Amidst valid concerns from health advocates about the long-term safety and cost-effectiveness of the dengue vaccine Dengvaxia (CYD-TDV), the Department of Health (DOH) rolled out implementation of the dengue vaccination program for school children nine years old and older.
The Strategic Advisory Group of Experts (SAGE), a committee of recognized experts on immunization worldwide, which convenes twice a year to advise the World Health Organization (WHO) on the efficacy and safety of various types of immunization, met last April 12-14 and came out with their preliminary recommendations on April 16.
According to WHO Philippine representative Gundo Weiler during a press briefing at the Department of Health (DOH) on April 18, “the dengue vaccination effort that is currently ongoing in the Philippines is consistent with the recommendations made by the WHO expert group (SAGE). The effort focuses on three regions that have particularly high transmission.”

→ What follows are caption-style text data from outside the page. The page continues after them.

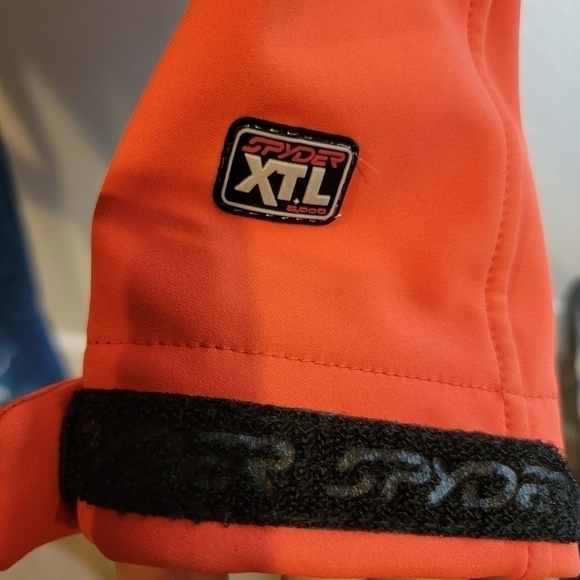 SPYDER XTL Insulated Breathable Weatherproof Coat Size L Boys - Picture 7 of 16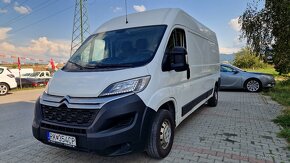 Citroën Jumper 2.2 BlueHDi 140k 35 L2H2 odpočet DPH - 19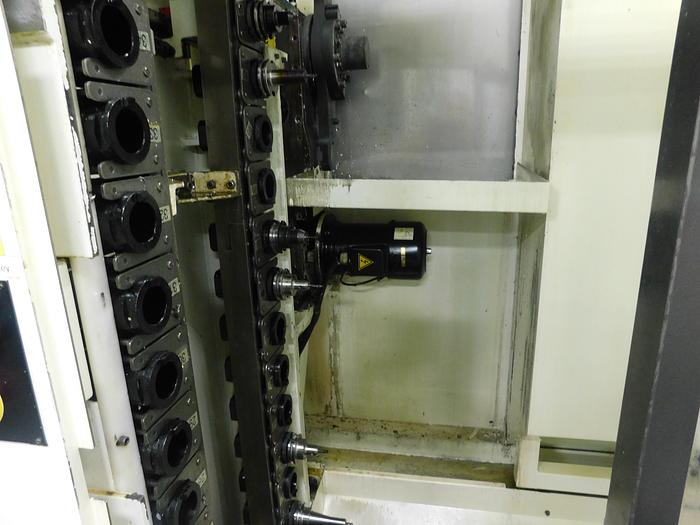 Used Kitamura HX400G CNC Horizontal Machining Center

SAGE stated that Dengvaxia (CYD-TDV), the first approved vaccine for dengue, may be considered for use in geographic settings with high endemicity, as indicated by a seroprevalence of at least 50 percent or greater in the age group targeted for vaccination. The WHO expert group believes that introducing dengue vaccination in high transmission settings can have a substantial public health impact especially reducing severe dengue cases and the need for hospitalization.
The SAGE statements were expected to assure the public, including the various health advocates who appealed to Health Secretary Janette Garin that a more thorough evaluation of the cost-effectiveness and optimal population segment targeting be done first before actual implementation of the program is carried out.
However, some health advocates argue that the DOH and WHO might have missed the specific points the advocates tried to raise. They believed that many of these concerns have not really been answered by the SAGE recommendations, which were at most, general statements on how the vaccine’s overall effects could translate into an actual public health benefit. The SAGE statements stressed thought that the final decision whether a dengue vaccination program should be implemented or not must be based on country- and region-specific factors, as guided by pertinent and updated research data. Herein lies the problem—do we have reliable updated seroprevalence data to serve as guide which of our vast population should be targeted?
According to the SAGE, “the target age for routine vaccination should be defined by each country based on an assessment of dengue endemicity and programmatic feasibility of targeting particular ages. For highly endemic settings (e.g. seroprevalence at nine years of age of approximately 90 percent or greater), vaccination at ninr years of age is projected to maximize impact. In settings where seroprevalence at nine years of age is below 90 percent (but above 50 percent), vaccination at 11-14 years of age is preferable.”
Although dengue fever is endemic in various parts of the country, there should be specific national and regional age-stratified data on its seroprevalence. Based on the extensive clinical trials done in Asian and Latin American countries, the vaccine shows variable effectiveness and safety. Hence, the SAGE pegs its effectiveness and safety to specific seroprevalence data.
A search of the literatures shows only four seroprevalence reports published in 2005, 2006, 2009, 2010; and in all of them, the actual studies were done several years earlier.
Even if we include the study which was funded by the vaccine manufacturer, the dengue seroprevalences were less than 90 percent but more than 50 percent. Furthermore, the seroprevalences were not age-stratified. If we were to use these outdated data as basis for the dengue immunization program, then it should have been limited to the 11-14 years age group based on the SAGE recommendations. The big question though is: Are these data valid bases considering that they’re not updated (they’re 6-10 years old) and they’re not age-stratified?
Hopefully, the DOH has in its possession reliable, though unpublished, data on regional age-stratified seroprevalences which guided them in the dengue vaccination program. Otherwise, they should have these studies done first before carrying out a more extensive nationwide dengue vaccination program. Meanwhile, the more than 100,000 children who received the first dose of Dengvaxia, should have their vaccination completed; and the DOH should have a continuing surveillance program on these children to find out the real-world short- and long-term impact of this first vaccine for dengue.